To analyze the spectra, we generated synthetic local thermodynamic equilibrium (LTE) CH4 models for a range of temperatures. The models were Doppler shifted to the velocity of GV Tau N, scaled by the telluric transmittance, convolved to the resolution of the data, and scaled to fit the residual until the best-fit model was found that minimized the χ2 value. The molecular parameters, including line positions, Einstein-As, and intrinsic line strengths are from the 2012 update to the HITRAN molecular database (Rothman et al. 2009). We determine that all CH4 transitions are optically thin (τ < 1) for reasonable values of the intrinsic line widths (all b > 0.6 km s−1). Doppmann et al. (2008) found that the HCN spectrum for GV Tau N was well fit with a microturbulent line broadening of 3 km s−1, supporting our conclusion of optically thin CH4 absorption. Figures 1 and 2 show the residual spectra in the regions of selected CH4 lines. Overplotted in red is the best-fit (750 K) synthetic CH4 model.
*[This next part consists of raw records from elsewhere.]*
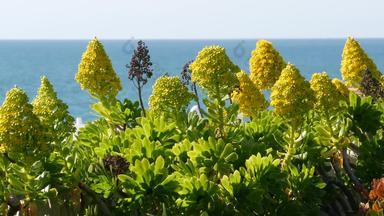 Aeoniumarboreum石莲花树黄色的花加州美国爱尔兰玫瑰多汁的花序首页园艺美国装饰观赏室内植物自然植物海洋海滩大气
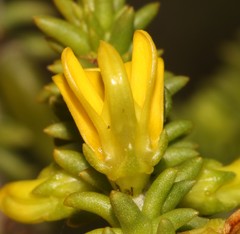 Aspalathus pinguis pinguis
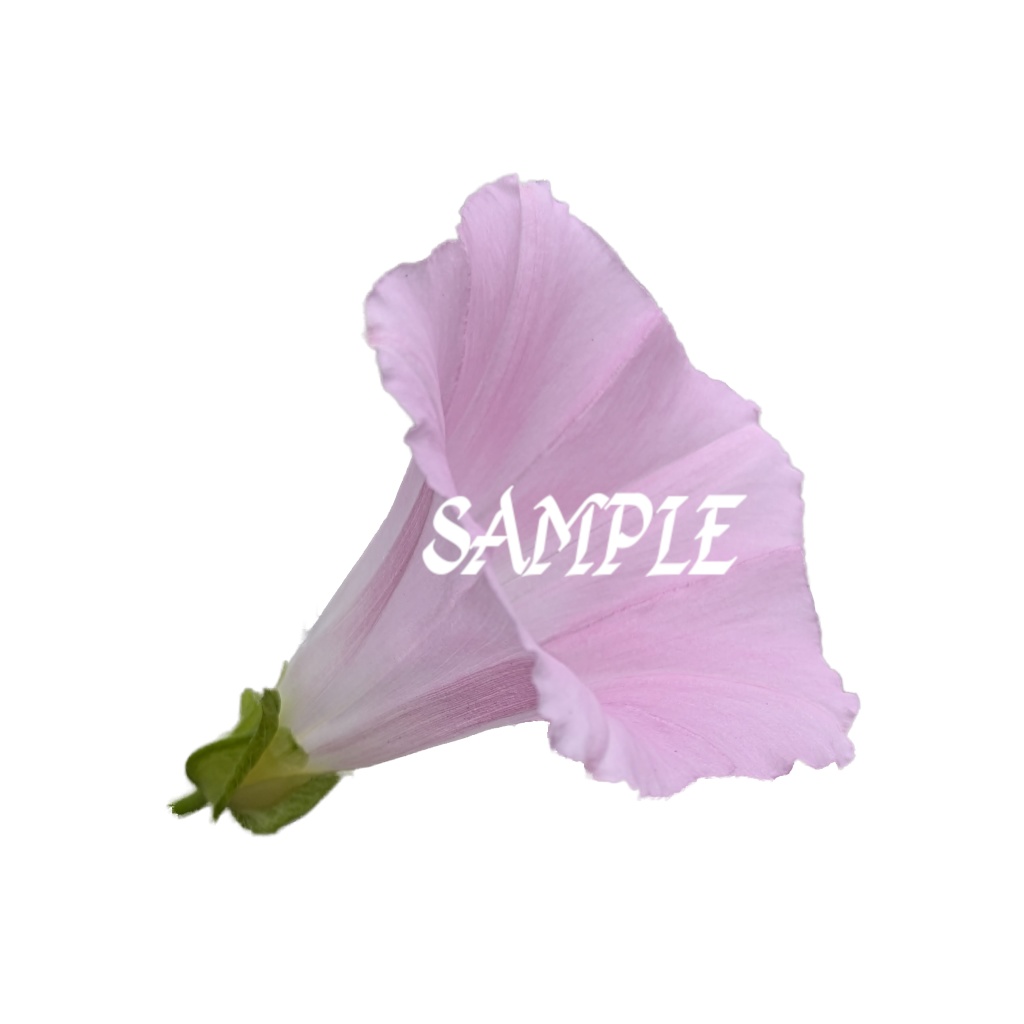 淡いピンク色の朝顔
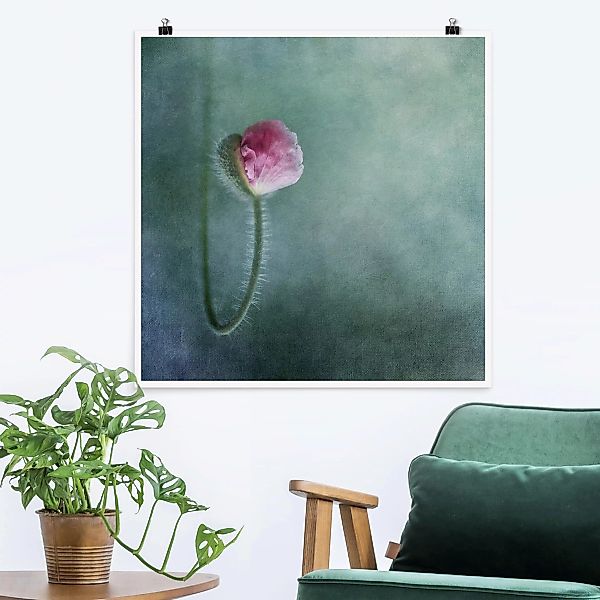 Poster - Quadrat Blüte in Rosa günstig online kaufen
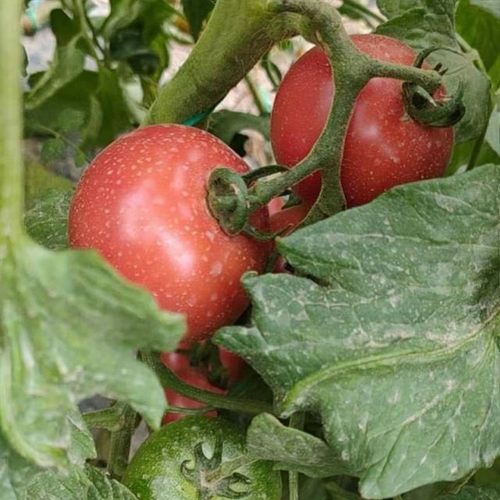 就是好吃口感番茄 桃太郎种子5粒 清一色好评 庭院种植 满39包邮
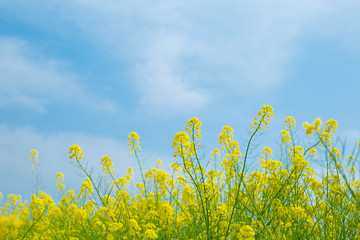 菜の花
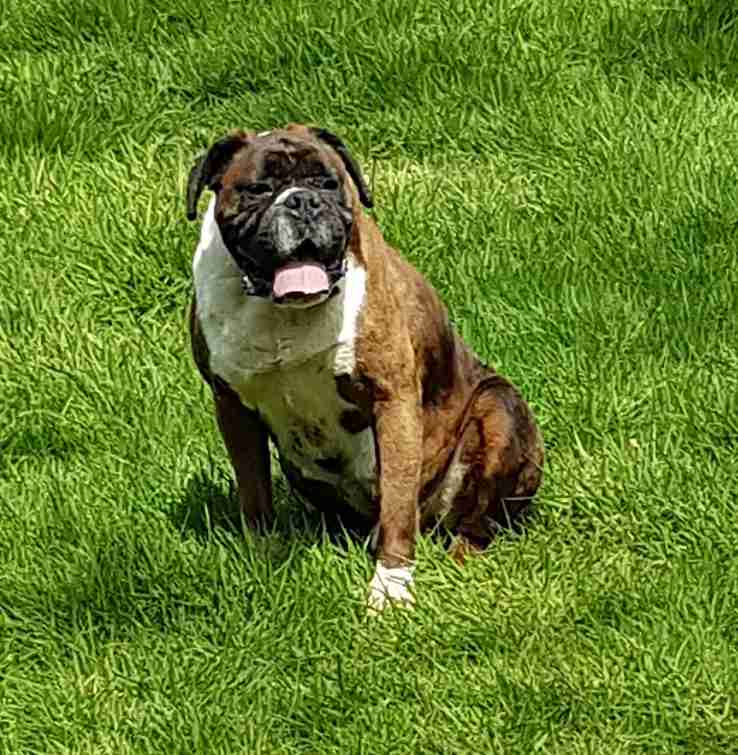 Tyson 7 year old male Boxer dog for adoption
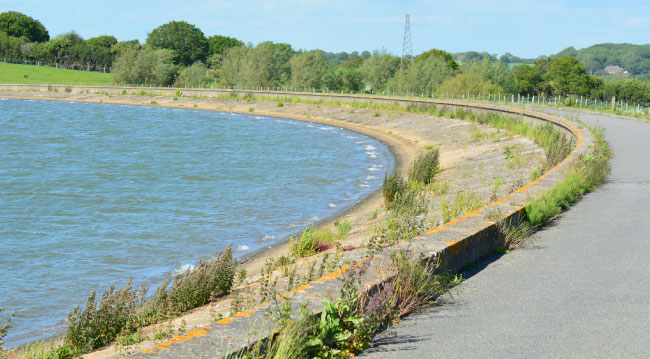 Arlington Reservoir East Sussex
Also overplotted are the transmittance model (green), scaled (×0.04) for clarity, and the Kurucz photospheric model (purple), offset vertically (+0.05) for clarity. LTE water (orange) and HCN (blue) models are also overplotted, illustrating that most absorption features are accounted for with a small number of molecules. The full analysis of water and other molecules will be presented in a forthcoming paper (E. L. Gibb et al., in preparation). They are shown here for illustrative purposes and to indicate where CH4 is blended with other species.
4. DISCUSSION
We present the first detection of methane, CH4, in a protoplanetary disk. We detected ν3 R branch lines up to J'' = 20. The P-branch lines are generally weaker and more spread out in frequency than the R-branch lines and we detected fewer of them with confidence. We derive a best-fit rotational temperature of 750 ± 50 K and a total column density N(CH4) = (2.8 ± 0.2) × 1017 cm−2 (1σ). We note that Gibb et al. (2007) reported a CH4 upper limit of 2.2 × 1016 cm−2 by sampling the low-J (R0, R1, and R2) lines and assuming a low (115 K) rotational temperature. The higher rotational temperature of the gas resolves the inconsistency in derived column densities.
4.1. Comparison to Chemical Models
Is a CH4 detection consistent with what is expected from chemical models of disks around low mass young stars? Several models of chemistry in protoplanetary disks predicting high abundances of methane have been published in recent years (Agúndez et al. 2008; Willacy & Woods 2009; Heinzeller et al. 2011). The models differ in their details but generally include high energy irradiation of the disk by a combination of UV and X-ray radiation that contribute to driving the gas phase chemistry. While Agúndez et al. (2008) ran separate models for FUV and X-ray illuminated disks to investigate their affects on the chemistry, most authors, including Willacy & Woods (2009) and Heinzeller et al. (2011), included both simultaneously. Only the most recent models have started to include radial viscous accretion, vertical turbulent mixing, and vertical disk winds to study the affects of bulk gas motions on disk chemical structure (Heinzeller et al. 2011). Physically, regardless of the details of the models, three chemically distinct regions are predicted. The midplane of the disk is where volatiles are expected to freeze onto dust grains beyond the snow line. The disk atmosphere, exposed to FUV and X-ray radiation, gives rise to a photon-dominated region characterized by ionization and dissociation products. Between those two layers is the warm molecular layer, which is somewhat protected from ionizing radiation by dust and polycyclic aromatic hydrocarbons in the surface region. It is in this warm molecular layer that organic molecules are predicted to be abundant. The reader is referred to these papers for additional details.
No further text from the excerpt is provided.